The caps are for spike suppression, the .4 ohm resistors are there for the same reason. It's probably desirable to have them, but it really depends on the DCC encoder, I'm sure most motors don't have them.


----------



## UPBigBoy

In regards to the resistors, what is the possibility that the motor isn't a 12 volt motor?


----------



## gc53dfgc

almost none. It is a Bachmann motor (same type in an SD40-2) and I had to replace mine when I did it's DCC install and the new one did not have those resistors. I contacted them to be safe and they said it was fine. I think it is used more for there shaky decoders they use on their engines. I replaced the original DCC one from them with a DCC&Sound one. Most decoders available today have the things like silent drive, and smooth operation built in.


----------



## NIMT

Bucklaew said:


> The capacitors maintain a phase difference between the stationary coils. This is usually for starting the motor. The resistors help this action but also are current limiting, to keep from burning up the motor should an over voltage condition occur. I would keep them for their safety factors, and if there is enough room for the DCC board, why remove what is working. Over 30 year as an electronic tech in and out of the Navy I always used the adage if it ain't broken don't fix it.


DC motors in HO and N have no fixed coils, they only have a coil powered armature.

Like Gunrunnerjohn said they are for spike suppression.
The reason for the resistors are to cut out on the back feed to the decoders.
Both are counter productive to a good DCC decoders operation.
John they are not ENcoders they are DEcoders, They decode the signal that the command station encodes.




gunrunnerjohn said:


> I'm sure those capacitors aren't for changing the phase, a .1uf cap wouldn't make a dent in the phase. In addition, that's a DC motor, phase simply isn't an issue.
> 
> The caps are for spike suppression, the .4 ohm resistors are there for the same reason. It's probably desirable to have them, but it really depends on the DCC encoder, I'm sure most motors don't have them.





UPBigBoy said:


> In regards to the resistors, what is the possibility that the motor isn't a 12 volt motor?

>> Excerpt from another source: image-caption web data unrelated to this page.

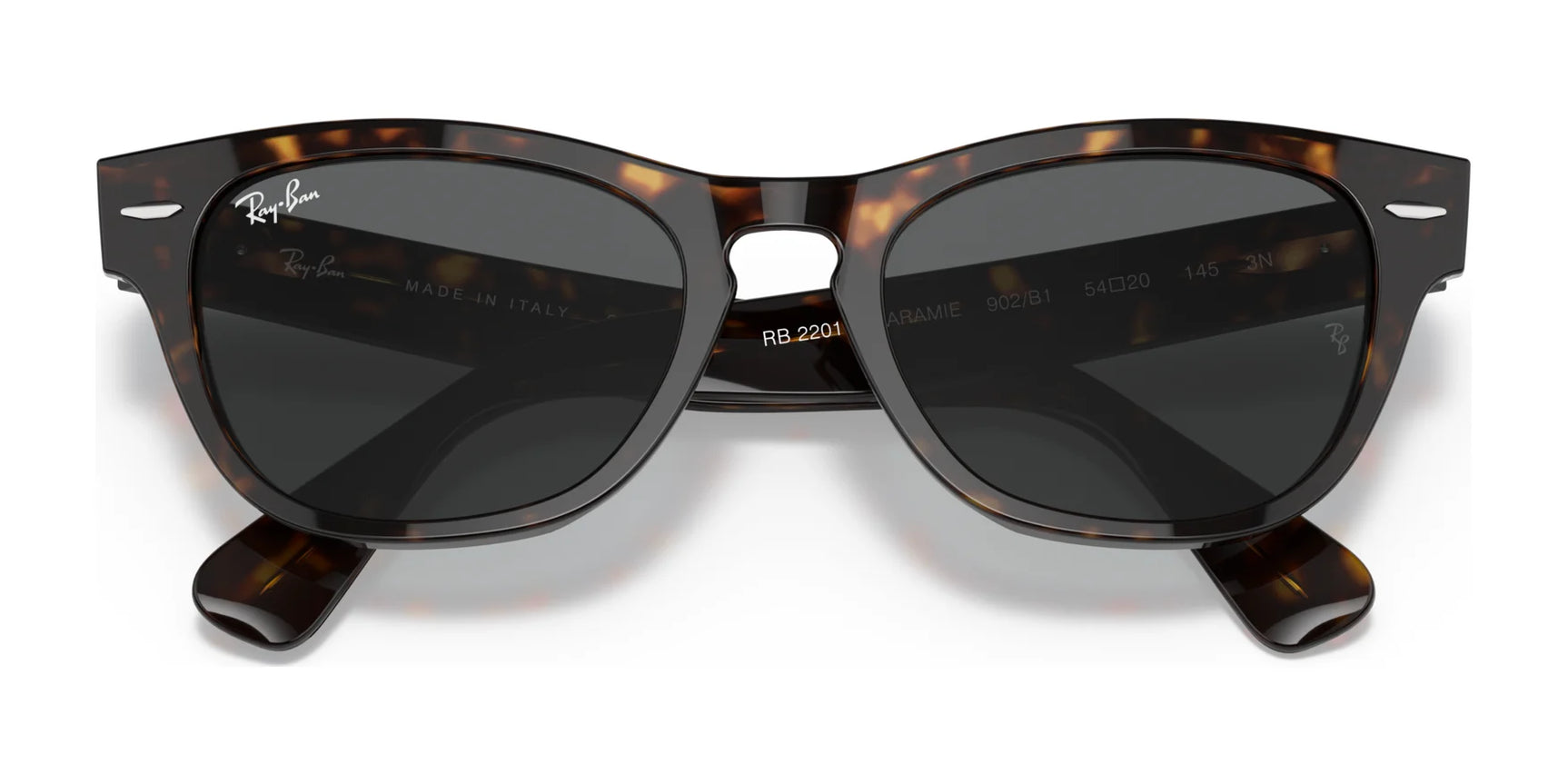 Ray-Ban LARAMIE RB2201 Sunglasses | Size 54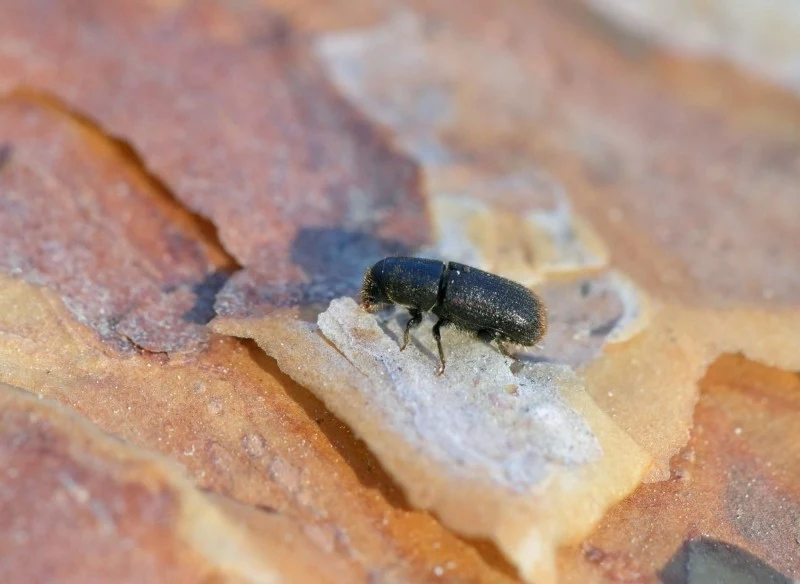 Korniki niszczą zarówno stare, jak i młodsze elementy konstrukcji drewnianych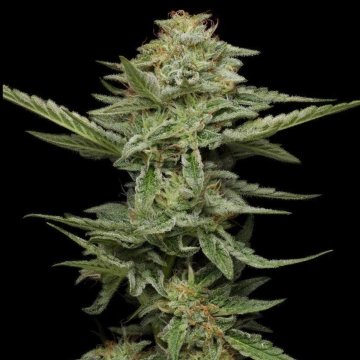 PISTACHIO Feminized cannabis flower bud by Humboldt Seed Company
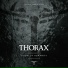 Thorax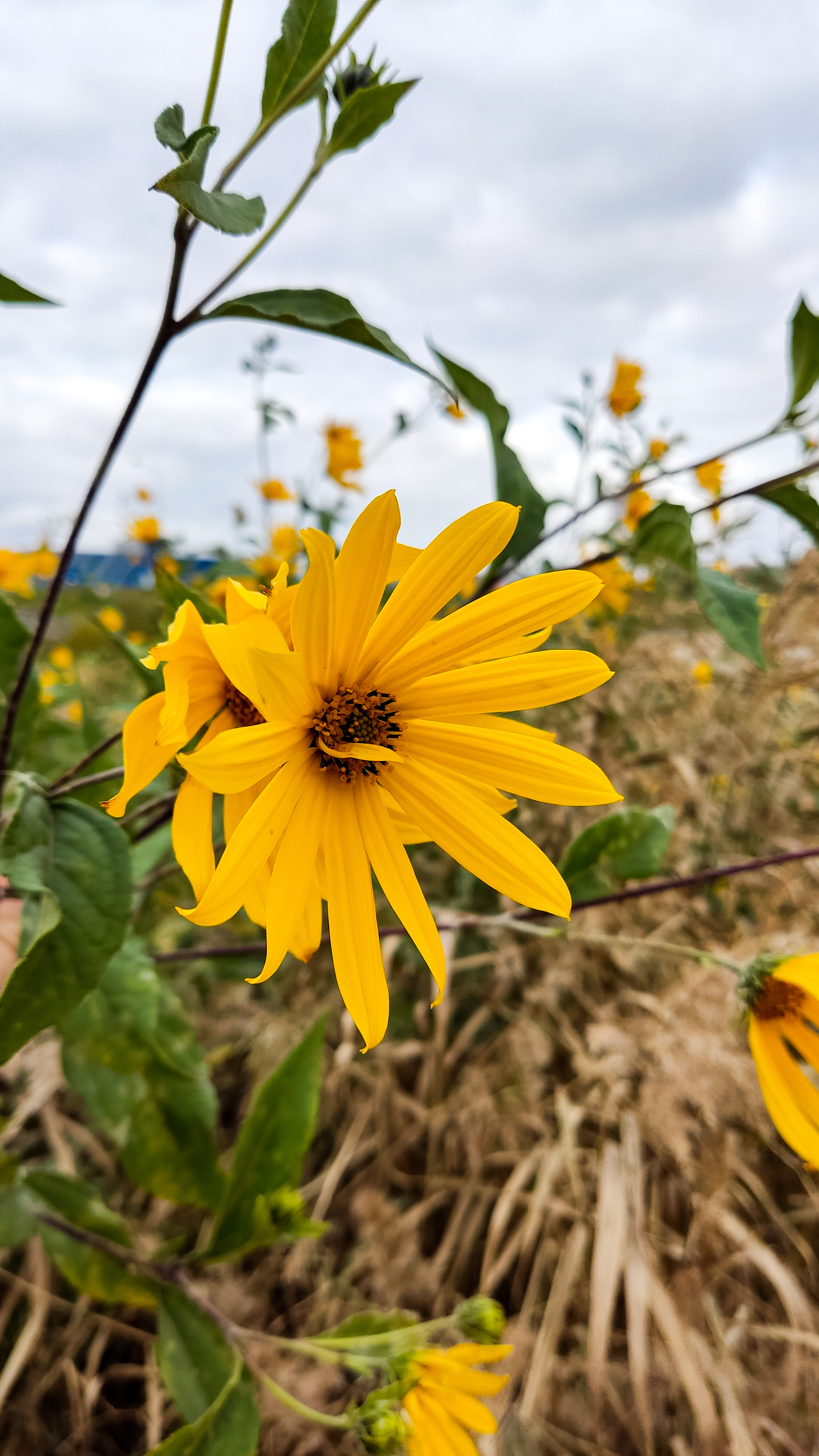 Photo project Let's take a closer look post #94. Jerusalem artichoke? - My, Bloom, Garden, Plants, Vegetables, The nature of Russia, Macro photography, Microfilming, Gardening, Nature, Food, Longpost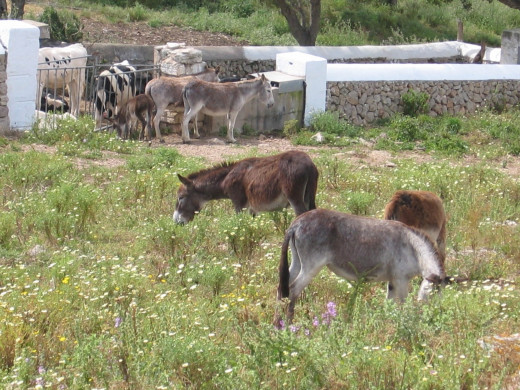 Donkeys are swapped out daily at designated farms along the route. Two new fresh donkeys for the next day.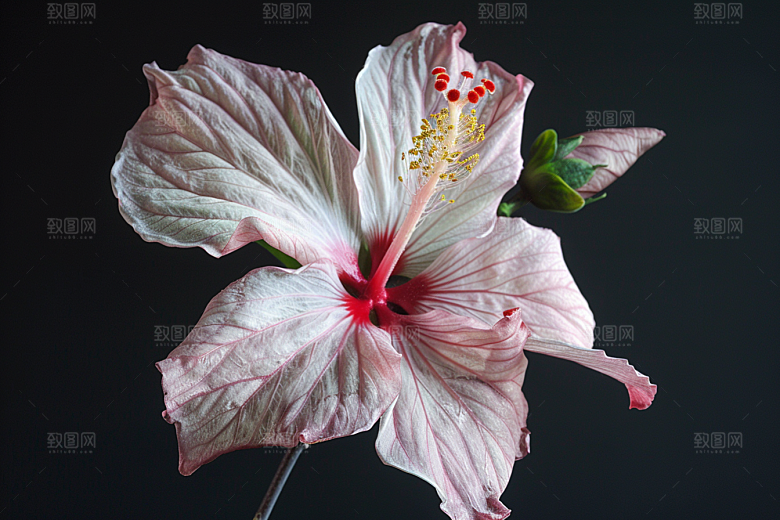 木槿花彩色自然摄影图
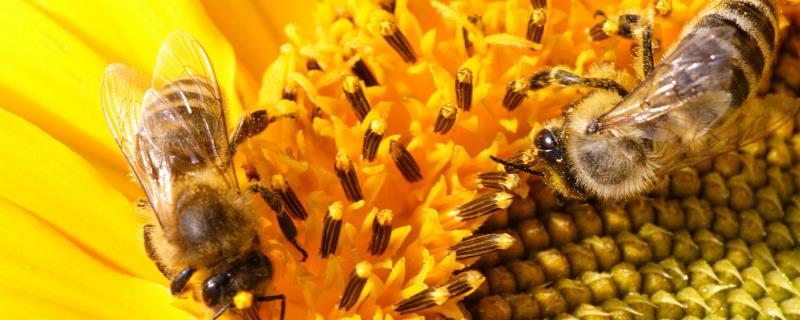 双王群怎么上继箱，注意事项有哪些 继箱双王群怎样组织?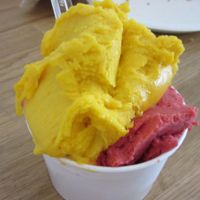 vegan icecream at CamBio Vita in Rome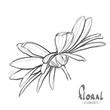 Design sketch of daisies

In HO, it's very likely for it to be 12V or greater. 
Most HO motors are actually good for up to 18V.


----------



## gunrunnerjohn

Encoders, decoders, what's the difference.  OK, decoders.


----------



## britblad

Nice i have the same engine it likes to jump the frogs so im gona try making a track just for it with only 1 switch


----------



## britblad

when you install the oval speaker i would like to see the pictures my tender don't look like there is enough room without drilling thru the weight


----------



## flyboy2610

The speaker should be here any day now, so I'll try and get some pics.


----------



## britblad

sweet it just don't look big enough for a speaker


----------



## flyboy2610

Okay, the speaker is here. It's not a very big speaker, because, as you mentioned, there isn't a great deal of room for one.
This is the speaker I bought:
http://www.ebay.com/itm/160778463388?ssPageName=STRK:MEWNX:IT&_trksid=p3984.m1439.l2649
It is an 8 ohm speaker, and the mounting holes line up perfectly with the holes in the tender's speaker plate.
I used a drill, marked with a piece of tape so as not to drill through the plastic detail piece located under one of the mounting holes on the tenders speaker plate. I drilled both mounting holes on the plate.








The detail piece I am referring to is in the upper right hand corner. This goes towards the rear of the tender.








I used 2 2-56x1/4" screws to secure the speaker to the plate. Here is a pic of the other side of the speaker.








After drilling the holes in the mounting plate, I used a 2-56 tap to thread the holes. Some people don't bother tapping plastic, but I do.
Here is the speaker mounted to the plate.
















Here the plate has been inserted into the tender. "Houston, we have a problem." You can see that the speaker extends into the tender past the slot where the two weights slide in.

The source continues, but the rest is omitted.